* _WHAT IS REQUIRED_
Find the word "Kids" in the listing; pull out each line holding it.

* _DATA IN THIS EXERCISE_
#####
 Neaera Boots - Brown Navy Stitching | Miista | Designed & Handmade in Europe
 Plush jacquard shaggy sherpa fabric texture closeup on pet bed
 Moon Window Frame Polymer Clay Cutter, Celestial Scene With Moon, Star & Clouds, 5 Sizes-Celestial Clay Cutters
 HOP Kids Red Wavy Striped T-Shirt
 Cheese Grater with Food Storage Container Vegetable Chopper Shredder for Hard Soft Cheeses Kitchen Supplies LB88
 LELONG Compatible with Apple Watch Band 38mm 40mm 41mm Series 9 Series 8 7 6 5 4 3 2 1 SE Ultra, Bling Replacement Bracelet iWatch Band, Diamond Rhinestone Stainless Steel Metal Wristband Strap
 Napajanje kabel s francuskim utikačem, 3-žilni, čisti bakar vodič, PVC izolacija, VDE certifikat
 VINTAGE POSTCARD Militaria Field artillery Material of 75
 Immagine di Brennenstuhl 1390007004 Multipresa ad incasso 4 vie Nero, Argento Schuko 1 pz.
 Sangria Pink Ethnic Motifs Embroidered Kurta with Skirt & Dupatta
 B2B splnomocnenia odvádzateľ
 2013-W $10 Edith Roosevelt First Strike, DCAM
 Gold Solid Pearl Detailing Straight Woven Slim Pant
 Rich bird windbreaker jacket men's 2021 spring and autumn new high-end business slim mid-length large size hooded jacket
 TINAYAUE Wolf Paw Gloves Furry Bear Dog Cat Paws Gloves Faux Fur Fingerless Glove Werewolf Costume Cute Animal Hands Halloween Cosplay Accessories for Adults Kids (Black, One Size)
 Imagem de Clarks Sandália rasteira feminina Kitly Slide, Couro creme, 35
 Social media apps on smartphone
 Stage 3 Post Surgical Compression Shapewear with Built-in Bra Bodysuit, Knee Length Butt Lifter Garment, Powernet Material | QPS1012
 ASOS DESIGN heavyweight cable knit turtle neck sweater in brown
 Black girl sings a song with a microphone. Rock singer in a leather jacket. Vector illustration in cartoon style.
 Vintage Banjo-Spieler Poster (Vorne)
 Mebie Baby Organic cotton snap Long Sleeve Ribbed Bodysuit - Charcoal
#####
* _SOLUTION FOR THIS PROBLEM_
 HOP Kids Red Wavy Striped T-Shirt
 TINAYAUE Wolf Paw Gloves Furry Bear Dog Cat Paws Gloves Faux Fur Fingerless Glove Werewolf Costume Cute Animal Hands Halloween Cosplay Accessories for Adults Kids (Black, One Size)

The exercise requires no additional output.